Task brief - Could you repeat every record below exactly, leaving out the pictures?
========================================
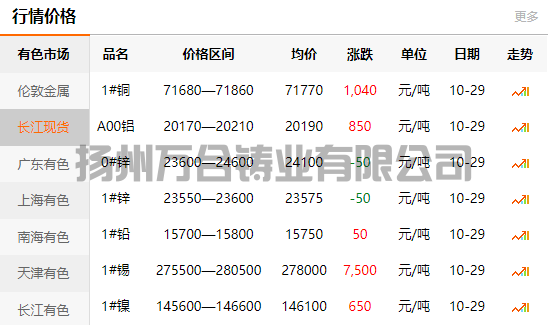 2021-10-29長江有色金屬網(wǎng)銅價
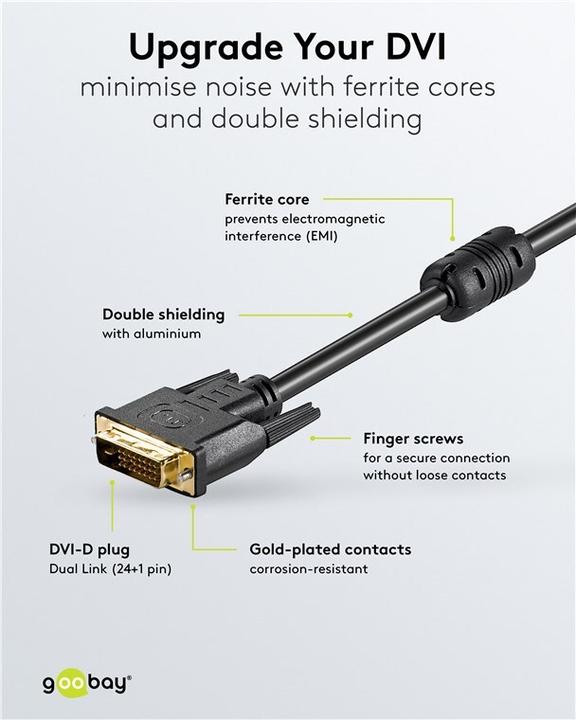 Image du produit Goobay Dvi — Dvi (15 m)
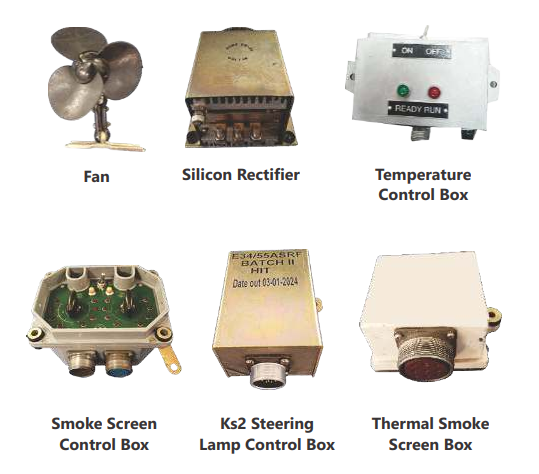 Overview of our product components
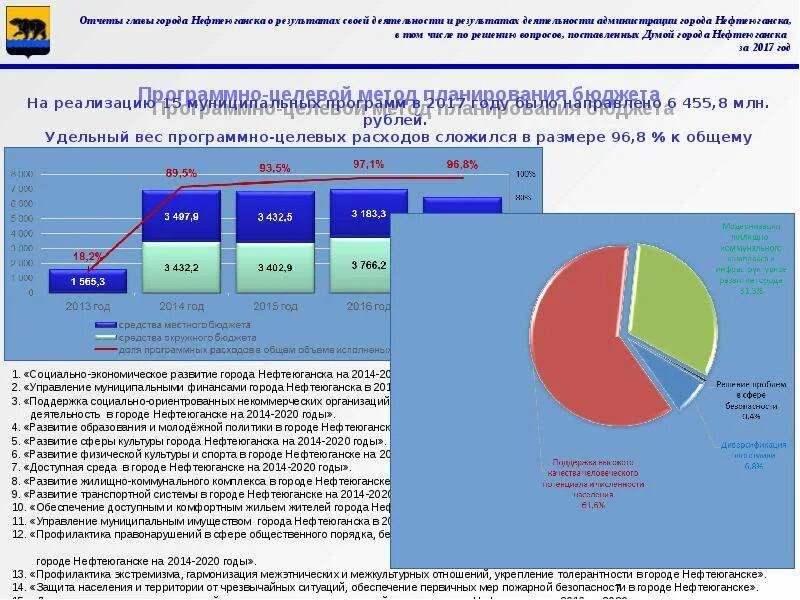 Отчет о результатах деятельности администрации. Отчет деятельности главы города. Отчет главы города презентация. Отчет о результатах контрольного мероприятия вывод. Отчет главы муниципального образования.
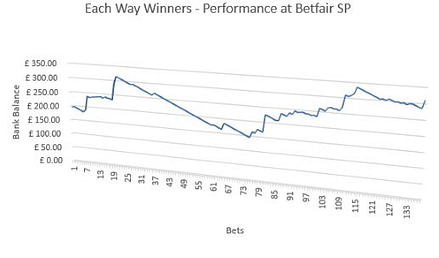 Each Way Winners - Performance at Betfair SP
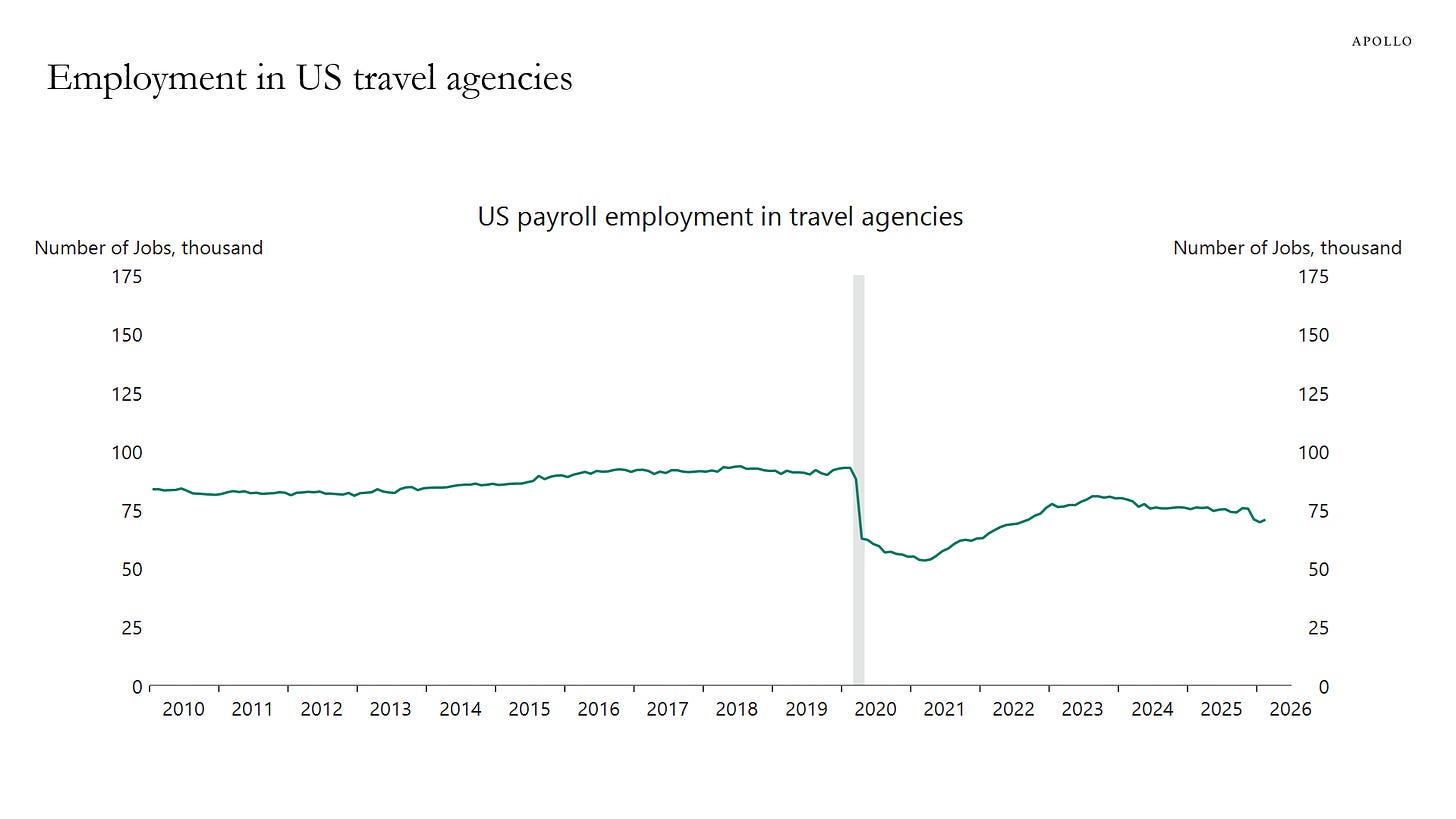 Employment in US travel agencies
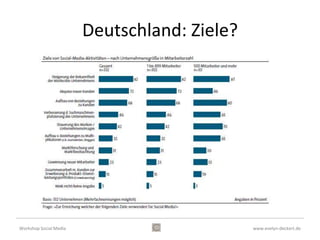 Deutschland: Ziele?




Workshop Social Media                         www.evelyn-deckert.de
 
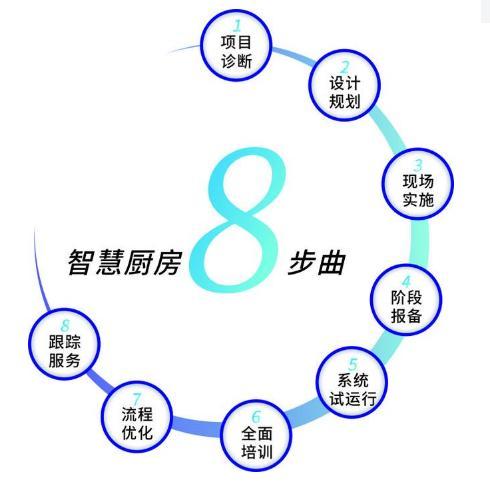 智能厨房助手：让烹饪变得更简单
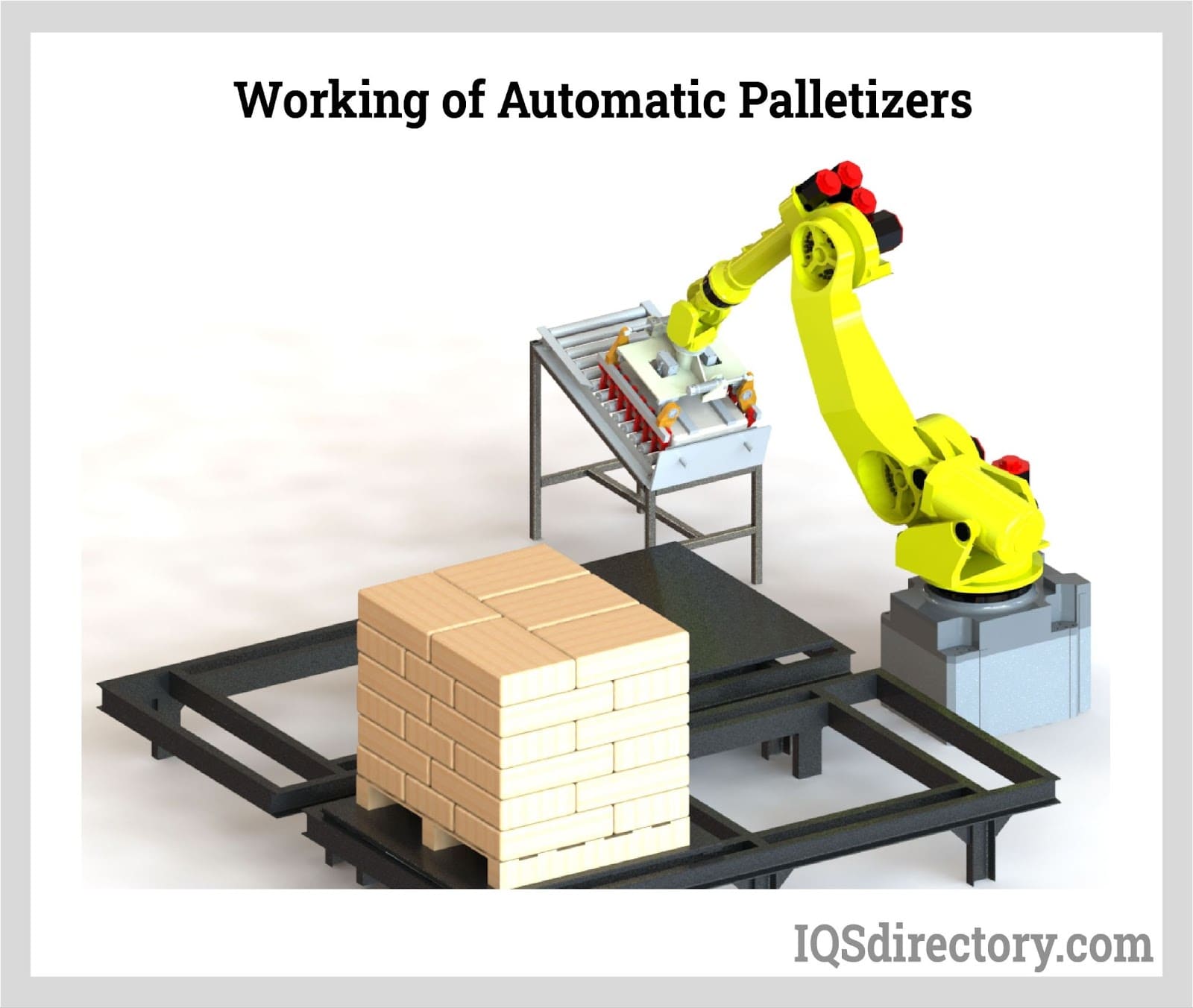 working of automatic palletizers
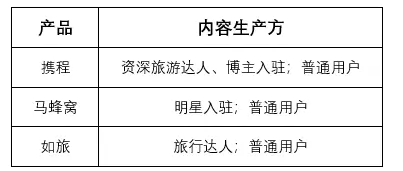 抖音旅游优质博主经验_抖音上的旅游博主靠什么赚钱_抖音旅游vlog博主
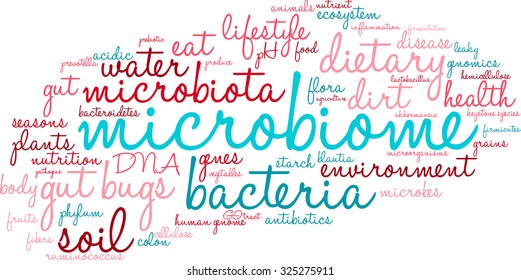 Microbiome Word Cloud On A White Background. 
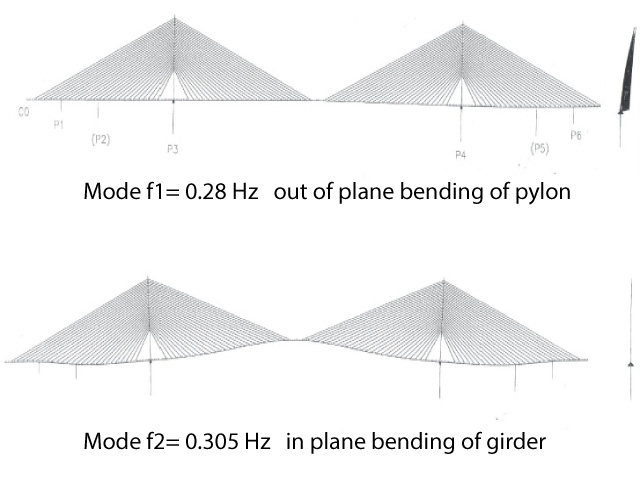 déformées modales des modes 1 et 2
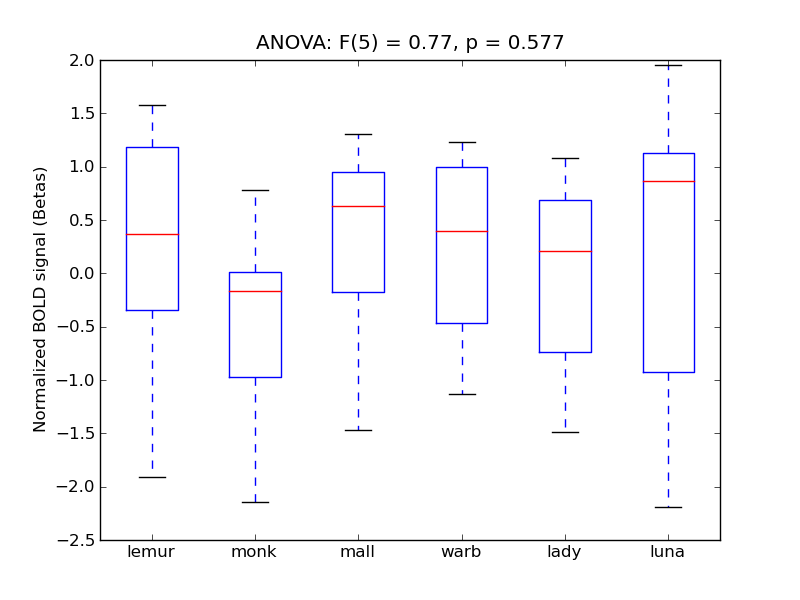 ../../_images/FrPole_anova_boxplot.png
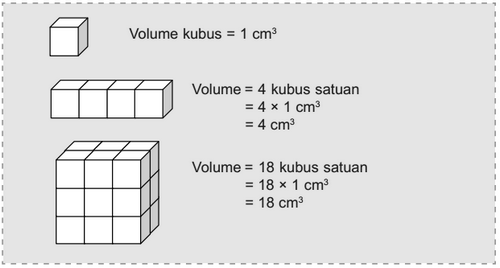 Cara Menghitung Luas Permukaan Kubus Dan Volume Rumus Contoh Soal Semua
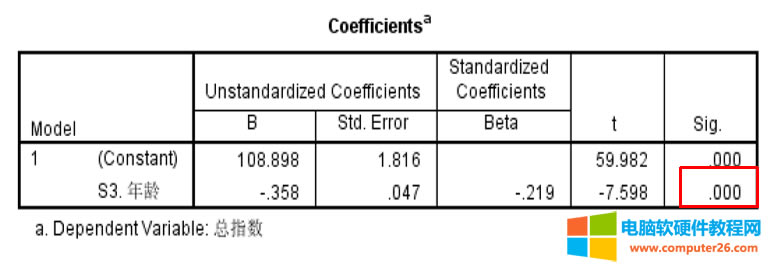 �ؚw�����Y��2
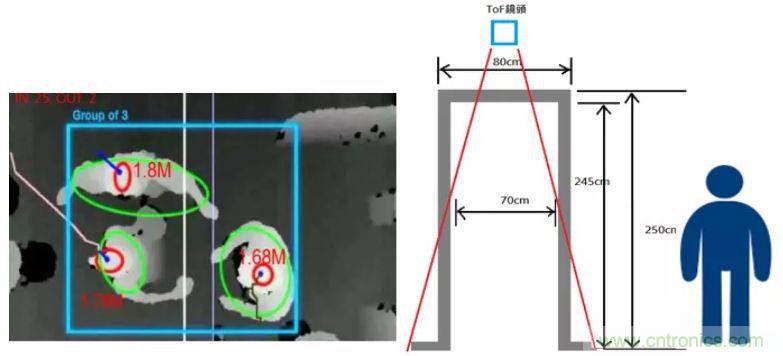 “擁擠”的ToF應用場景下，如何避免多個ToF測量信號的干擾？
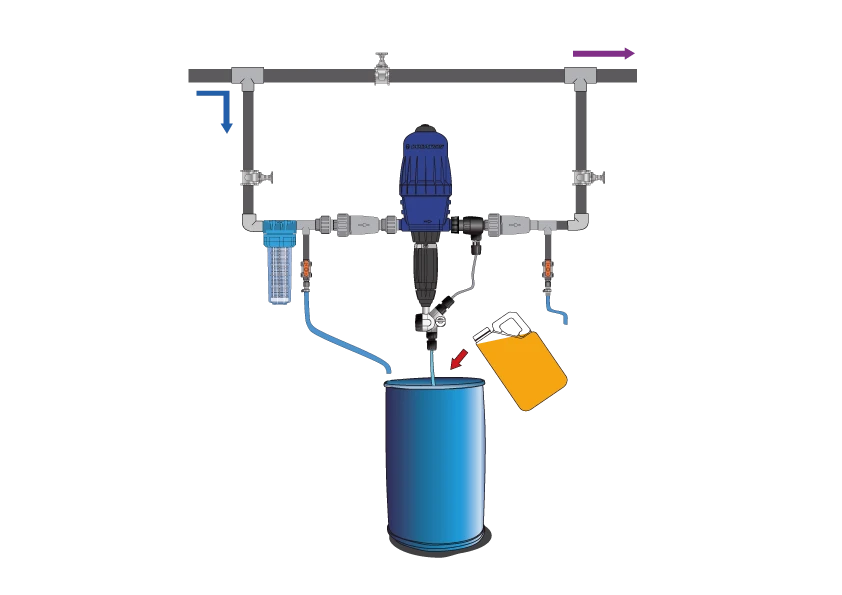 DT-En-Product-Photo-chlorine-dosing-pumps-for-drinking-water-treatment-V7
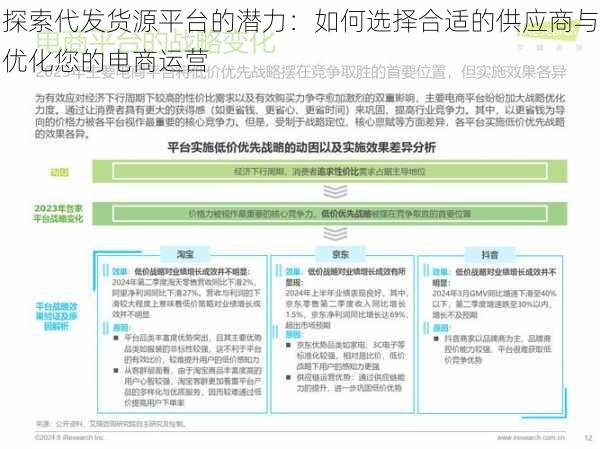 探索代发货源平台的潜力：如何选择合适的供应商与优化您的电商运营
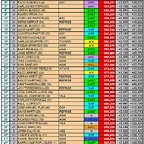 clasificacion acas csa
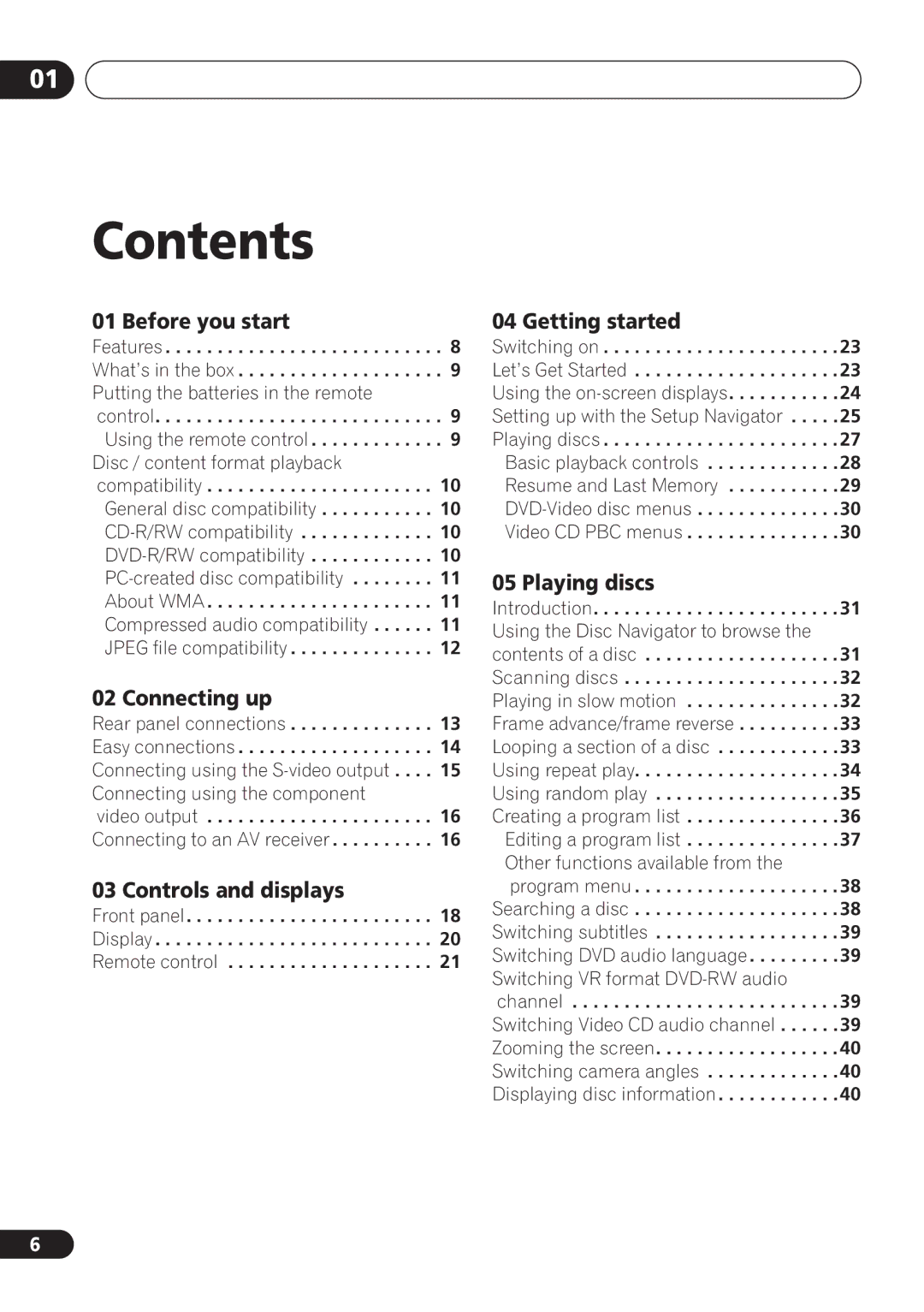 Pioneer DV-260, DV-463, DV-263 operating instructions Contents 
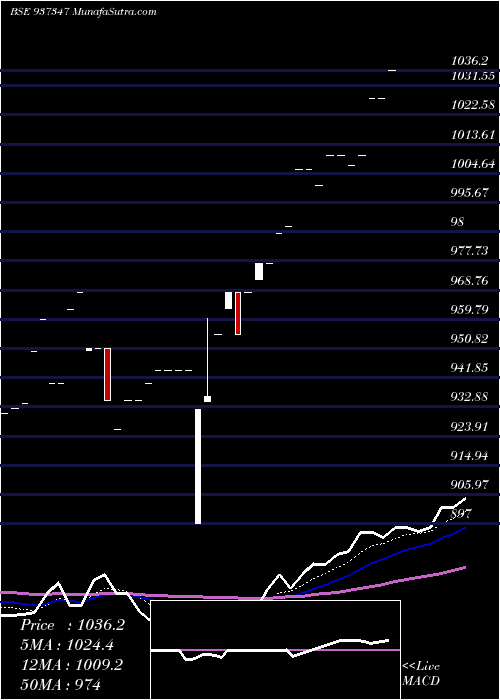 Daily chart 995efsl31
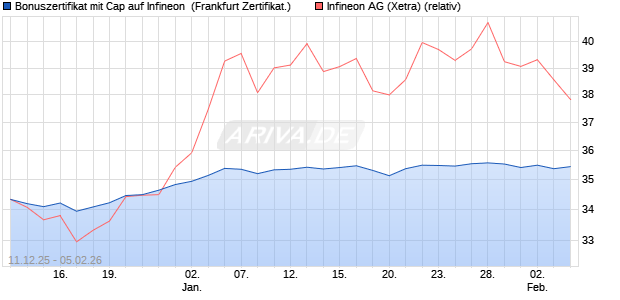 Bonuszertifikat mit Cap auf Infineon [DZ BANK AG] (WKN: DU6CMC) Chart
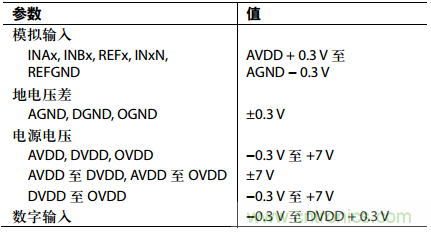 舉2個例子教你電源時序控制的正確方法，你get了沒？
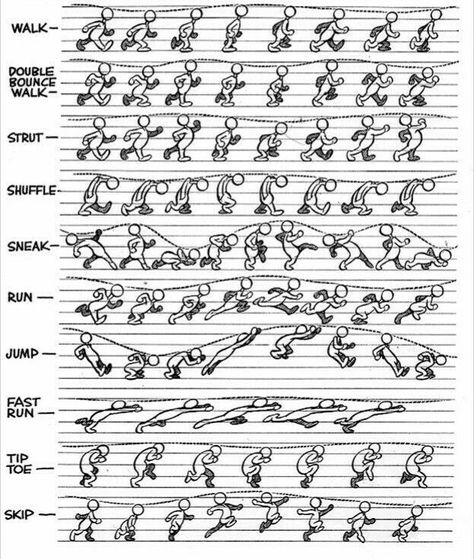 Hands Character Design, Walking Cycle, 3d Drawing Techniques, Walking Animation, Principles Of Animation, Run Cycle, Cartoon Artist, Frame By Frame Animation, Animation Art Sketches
========================================
Output of the exercise -
 2021-10-29長江有色金屬網(wǎng)銅價
 Image du produit Goobay Dvi — Dvi (15 m)
 Overview of our product components
 Отчет о результатах деятельности администрации. Отчет деятельности главы города. Отчет главы города презентация. Отчет о результатах контрольного мероприятия вывод. Отчет главы муниципального образования.
 Each Way Winners - Performance at Betfair SP
 Employment in US travel agencies
 Deutschland: Ziele?




Workshop Social Media                         www.evelyn-deckert.de
 
 智能厨房助手：让烹饪变得更简单
 working of automatic palletizers
 抖音旅游优质博主经验_抖音上的旅游博主靠什么赚钱_抖音旅游vlog博主
 Microbiome Word Cloud On A White Background. 
 déformées modales des modes 1 et 2
 ../../_images/FrPole_anova_boxplot.png
 Cara Menghitung Luas Permukaan Kubus Dan Volume Rumus Contoh Soal Semua
 �ؚw�����Y��2
 “擁擠”的ToF應用場景下，如何避免多個ToF測量信號的干擾？
 DT-En-Product-Photo-chlorine-dosing-pumps-for-drinking-water-treatment-V7
 探索代发货源平台的潜力：如何选择合适的供应商与优化您的电商运营
 clasificacion acas csa
 Pioneer DV-260, DV-463, DV-263 operating instructions Contents 
 Daily chart 995efsl31
 Bonuszertifikat mit Cap auf Infineon [DZ BANK AG] (WKN: DU6CMC) Chart
 舉2個例子教你電源時序控制的正確方法，你get了沒？
 Hands Character Design, Walking Cycle, 3d Drawing Techniques, Walking Animation, Principles Of Animation, Run Cycle, Cartoon Artist, Frame By Frame Animation, Animation Art Sketches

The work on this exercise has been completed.